A good overview of all possibilities, including instructions, is provided on [pyformat.info](https://pyformat.info/).

### String Methods

The full list of available string methods is [documented in the Python documentation](https://docs.python.org/3/library/stdtypes.html#string-methods).

## Exercises

### Exercise 1: Defining Strings
Rewrite the following text using only one line. Use single quotes. Make sure your version equals the given one.

In [135]:
text = r"""
I'm a text containing some "other text" and some \n!
"""

# todo: rewrite

### Exercise 2: String Functions

#### a) Cleaning up
Clean up the following text by removing all whitespace characters. How many characters are removed from the left and right ends of the string?

In [None]:
text = "   \tThis is a messy text\n\t"
# todo: cleanup
# todo: count cleaned up characters

Oftentimes files contain different line endings: `\r\n` (Windows) or `\n` (Mac, Linux).
- Replace all `\r\n` endings with `\n` in the following text.
- Replace all `\n` endings with `\r\n` in the following text.

In [None]:
text = " \nThis text has different\r\nline\nendings"
# todo: replace endings

#### b) Splitting and Joining.
Split the following text
- into words
- into texts between tabs: 'This', 'is a text', 'with tabs'

Note that you may need to do some cleaning up by removing whitespaces.

In [None]:
text = "This \tis a text\t with tabs."
# todo: split

Split the following sentence into words and join it back together.

In [None]:
text = "This is just a text."
# todo: split and join

There is also a splitting function which handles the different line endings for you. Use it to manipulate the following string so that:
- Uppercase words are lowercase afterwards
- Lowercase words are capitalized
- Capitalized words are uppercase

`My HOUSE is Burning` becomes `MY house Is BURNING`.

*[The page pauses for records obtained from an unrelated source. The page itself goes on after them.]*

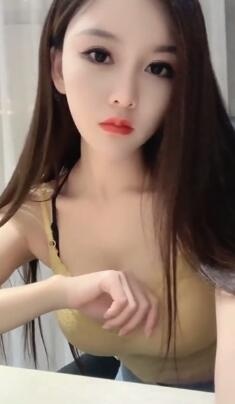 约会闷骚型妹子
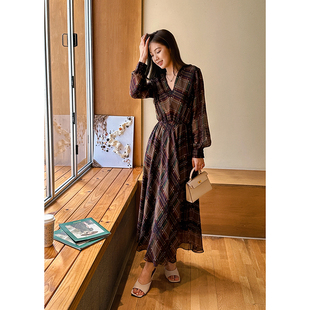 V领收腰格纹连衣裙经典格纹显复古收腰设计勾勒曲线面料舒适通勤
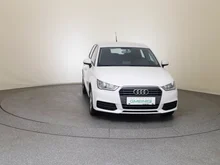 Thumbnail-Foto von Fahrzeug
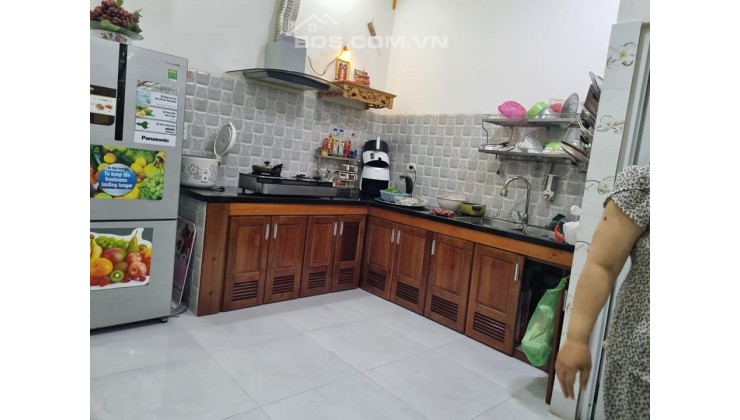 Bán Nhà Mặt Tiền Diên Hồng, P.1 Bình Thạnh, 40m2, 5 Tầng 7PN 7WC, Cho Thuê 20tr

Hint: Use `enumerate` to modify list items inplace.

In [None]:
text = "My HOUSE is Burning"
# todo: manipulate and print

### Exercise 3: Indexing and Slicing
Here's the first few sentences of Oscar Wilde's 'The Selfish Giant':

> Every afternoon, as they were coming from school, the children used to go and play in the Giant's garden.
>
> It was a large lovely garden, with soft green grass. Here and there over the grass stood beautiful flowers like stars, and there were twelve peach-trees that in the spring-time broke out into delicate blossoms of pink and pearl, and in the autumn bore rich fruit. The birds sat on the trees and sang so sweetly that the children used to stop their games in order to listen to them. 'How happy we are here!' they cried to each other.

In [None]:
text = """
Every afternoon, as they were coming from school, the children used to go and play in the Giant's garden.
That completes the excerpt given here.